I remember. . .
I would totally be the kind of person who would say “I’ll never do that again!” If I did something new that I thought would be the same hassle time and time again, but more likely I’d have some idea of where it went wrong and I’d be open to doing it again. I can’t say I’ve been in that situation very much though – at least, not that I remember.
The one time I remember, my wife and I were swimming in the river. This is before we got married. I think we swam downstream a ways, and then we had to come back upstream and we had to walk through this slippery, rocky area beneath one of the bridges and it was so treacherous that we had to hold onto each other to keep from killing ourselves, and I was like, “let’s not do that again.” Needless to say, she agreed.
Then we went to this Chinese buffet in town and they always have the most horrible food – obviously the last time we were there was not the first time – but the last time was the last straw. I said, “I don’t know why we keep coming here. The food is disgusting. The meat in the stir-fry bar is obviously old, don’t bother. I swear, don’t ever ask to come here again, because I never want to come back.”
As open-minded as I can be, I can definitely hold a grudge, too. Let that be a warning!
This post was prompted by today’s Daily Post prompt and their Weekly Writing Challenge.

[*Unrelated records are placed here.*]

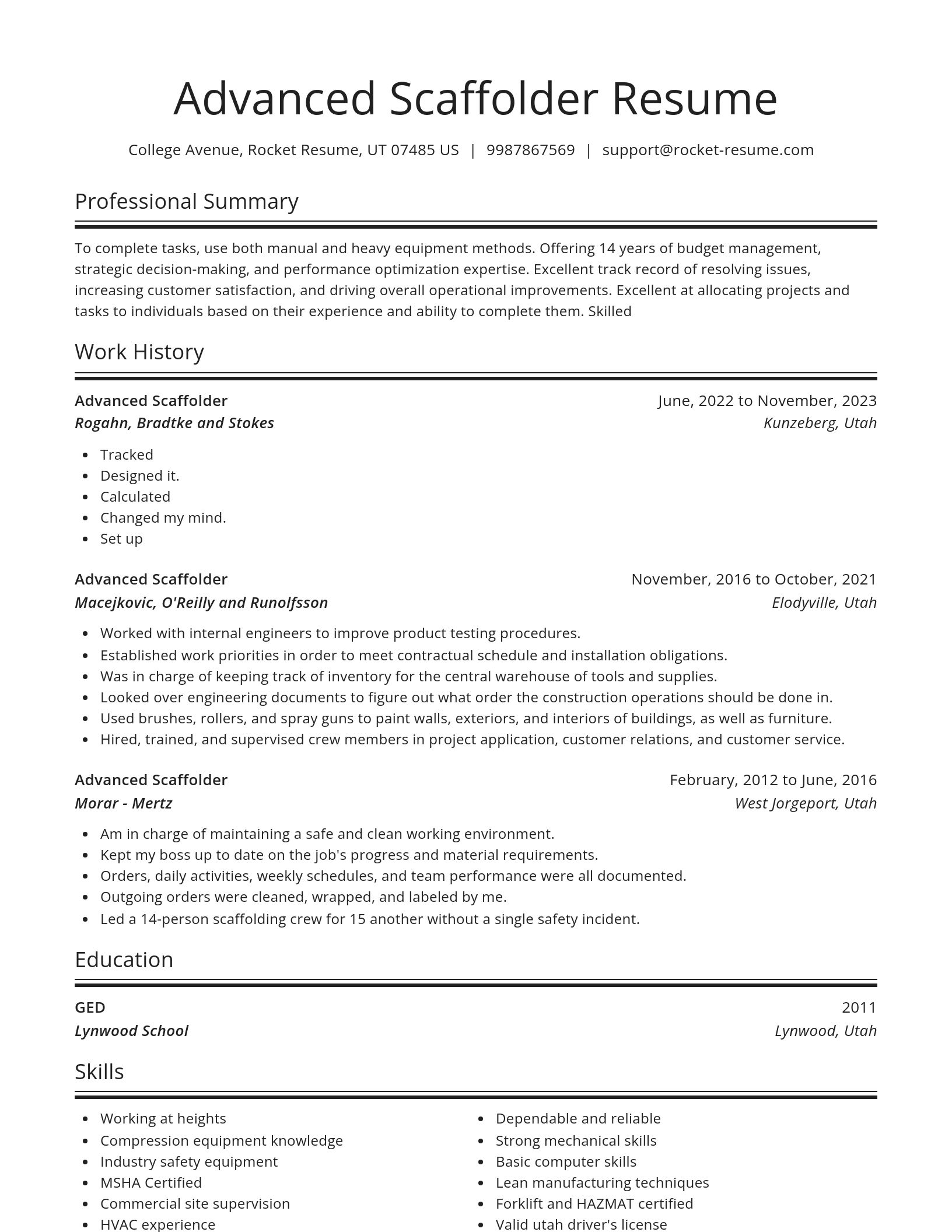 Spotlight resume template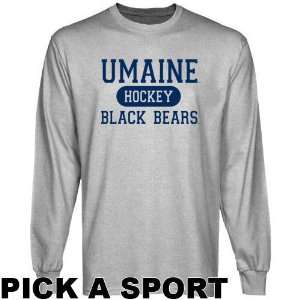  Maine Black Bears Ash Custom Sport Long Sleeve T shirt 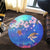 Hawaiian Turtle And Plumeria Pattern Polynesian Round Carpet - AH - Polynesian Pride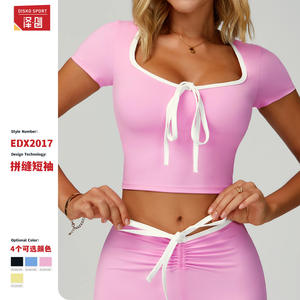 Déstockage : Haut de yoga pour femme, col carré, manches courtes, avec bordure contrastante, coupe courte, bleu goutte d'eau, coupe ajustée, pour le sport et le fitness en extérieur - Product Image 5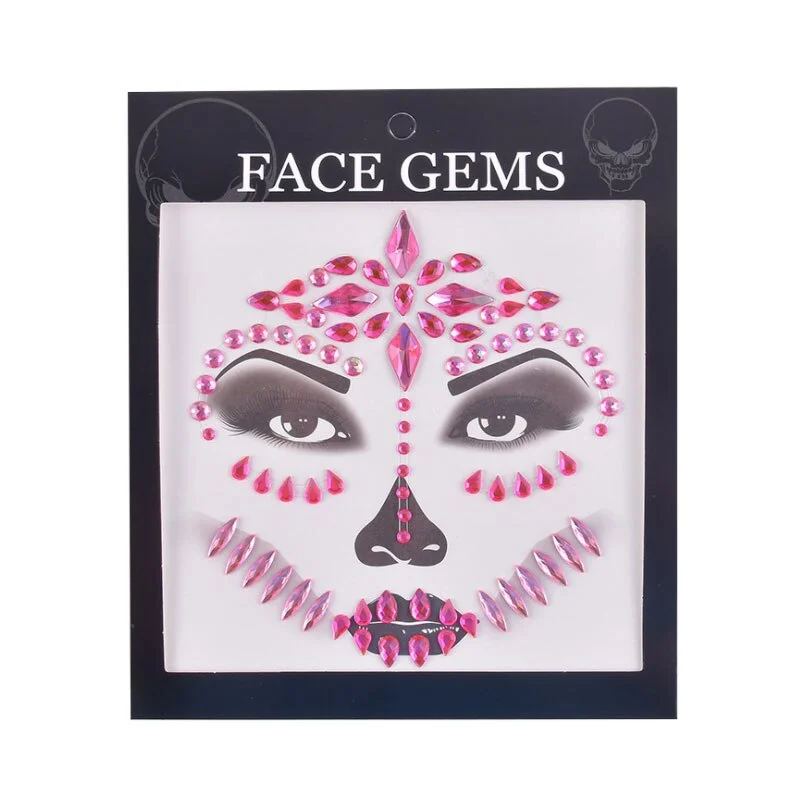 3D Gem Face Sticker Ghost Skull Face with Diamond Decoration Fashion Sexy Face Stickers Prom Holiday Party Face Decoration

Two things: ive been vegetarian since age 12 ..ill never eat meat again: and one more thing that caused a terminal illness around the same age .ILL NEVER DO AGAIN…other than that lets strap on the parachutes and JUMP!
There. You. GO!!
(That’s Tony Robbins, right?)
I try not to say never to any experience life flings at me. Still………..I am absolutely petrified of the dark. Not the boogie-man sort of murky dark, but utter darkness. I feel like I am smothering, and even though I know I’m not, that I’ll be fine if I just breathe and wait, my reaction is visceral. Instantaneous. Totally unstoppable. So, I do try to avoid situations that could put me in total darkness…………unless it’s riding an elevator or the subway, where everyone will have phones until we can get out.
You can’t be blamed for fear of the dark; I think at some level it’s programmed into our brains.